Hey there, I’m back again to talk about my latest project, TikTokTweet, a tweet scheduler for python. This is the third blog post the series dealing with the project, if you need to catch up, go back and have a look at the first blog post in the series. Today I’m going to get into a lot more details on what I’ve been up to. I went over the models in my last blog post, they have changed a bit since. Just as an overview, these models were derived from my original CQL schema:

/* Table to store tweets.
 * There is timestamp for the initial creation of the tweet and one for date/time
 * modified incase any edits are made.
 */
class Tweets(Model):
    id = columns.UUID(primary_key=True)
    tweet = columns.Text()
    description = columns.Text()
    created = columns.DateTime()
    modified = columns.DateTime()

/* Table to store the different queues created.
 * A queue is a list of tweets of a
 * particular category.
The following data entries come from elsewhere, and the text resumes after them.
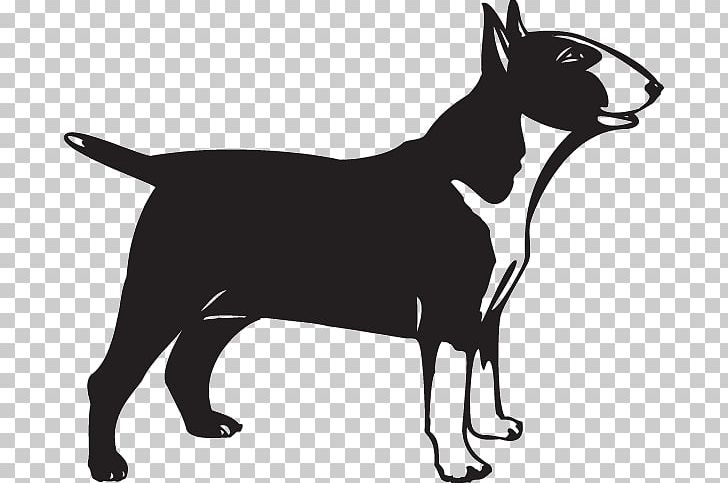 American Pit Bull Terrier Staffordshire Bull Terrier Rottweiler PNG, Clipart, American Pit Bull Terrier, American Staffordshire Terrier, Animaatio, Animal, Black Free PNG Download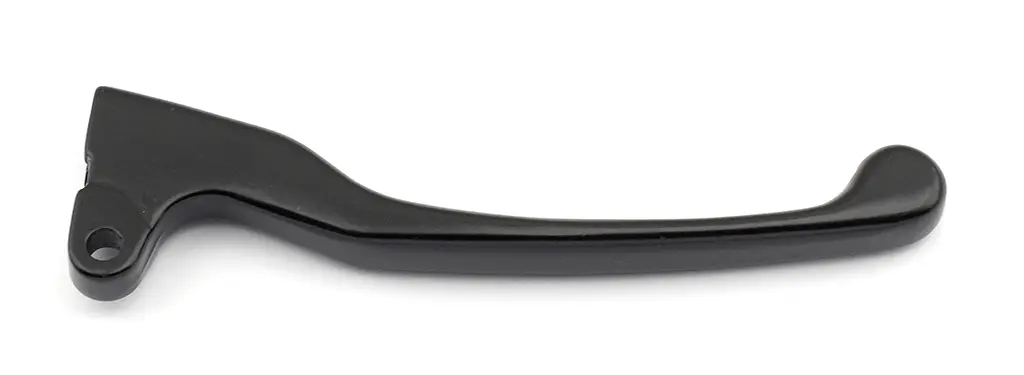 V PARTS (VICMA) brzdová páka (pravá) APRILIA SCARABEO 50 (2T) 93-96 barva černá (73452) (V PARTS (VICMA) brzdová páka (pravá) APRILIA SCARABEO 50)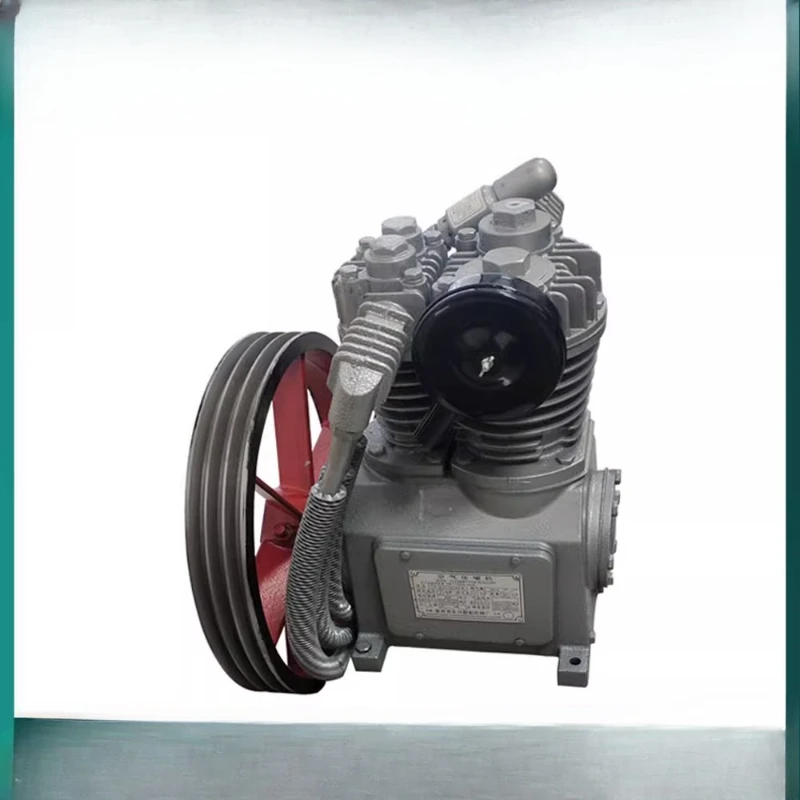 

CZF20.4/0.34 Marine air compressor Marine air pump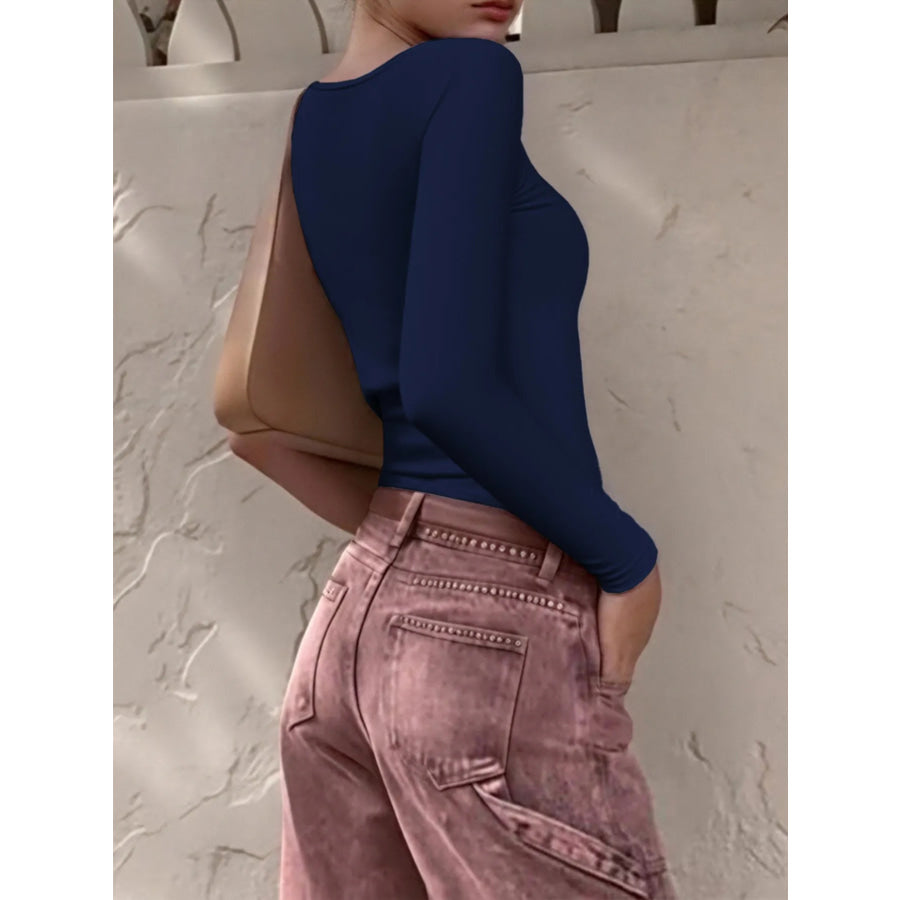 10015b9ef2b3493f837589faf7f8752e-Max-Origin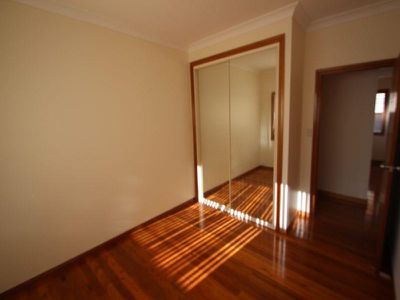 8 Sydney Street, Panania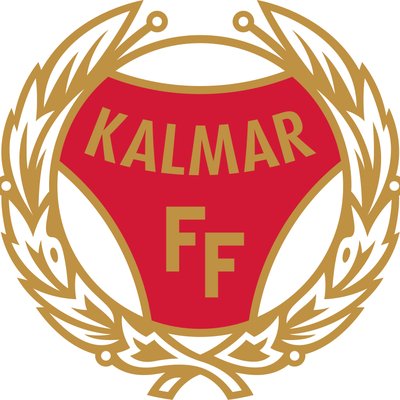 Kalmar FF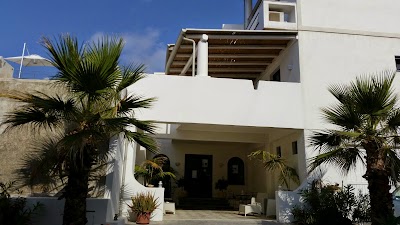 Photos of Hotel Residence Acquacalda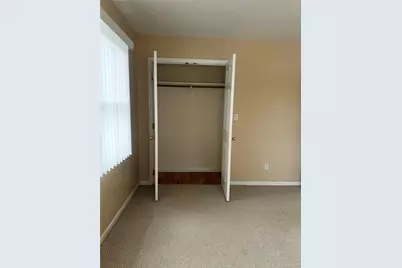 20 Bronx Street #Apartment 2, Tuckahoe, NY 10707 - Photo 14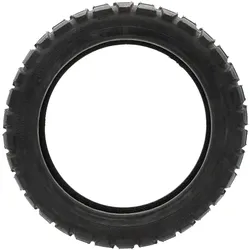 Ewheel, Scooter Zubehör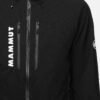 Veste à capuche thermique Freeflight HS pour homme Veste à capuche thermique Freeflight HS pour homme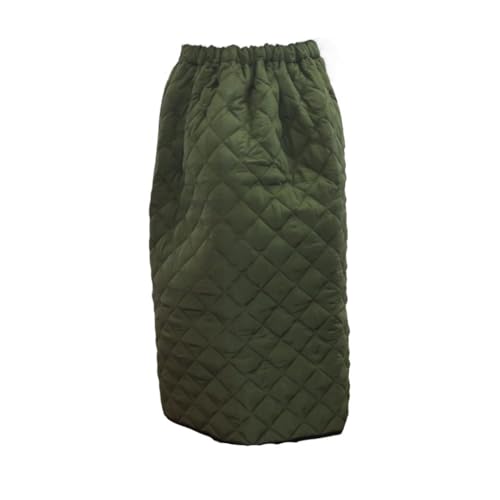 [DeerLuxe] I[goC bOJo[ h h G| O| oCN t XN[^[  \  (O[)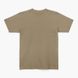 Футболка Diamond CLASSIC TEE SAND C23DMPA006-SAND фото 3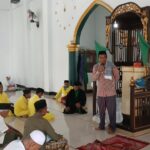IMG-20250221-WA0004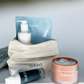 Pregnancy Skin Care Kit
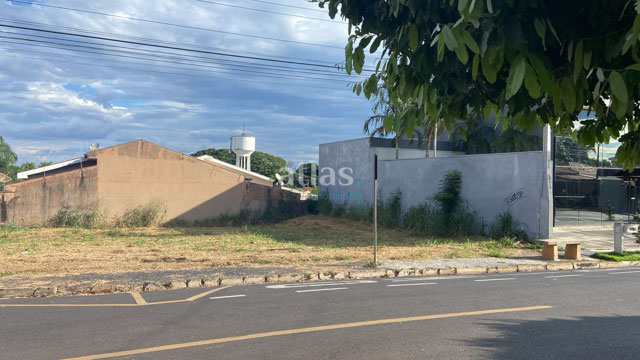 Foto cadastro cód. 10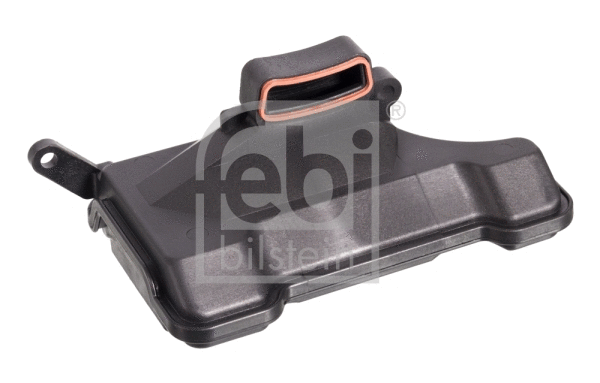 Hydraulic Filter, automatic transmission (105792)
Each queue type gets its own unique id.
 */
class Queue(Model):
    id = columns.UUID(primary_key=True)
    name = columns.Text()
    created = columns.DateTime()
    modified = columns.DateTime()

/* Table showing what tweets are associated
 * with which queues and time for the tweet to be sent out.
 * Each tweet is in a particular queue with a certain set
 * time to be set out, hence the chosen primary key.
 * Clustering order for time_to_send is descending
 * such that next tweet to go out is at the top of the list.
 */
class Tweets_queue(Model):
    queue_id = columns.UUID(primary_key=True)
    time_to_send = columns.DateTime(primary_key=True, clustering_order="DESC")
    tweet_id = columns.UUID(primary_key=True, clustering_order="ASC")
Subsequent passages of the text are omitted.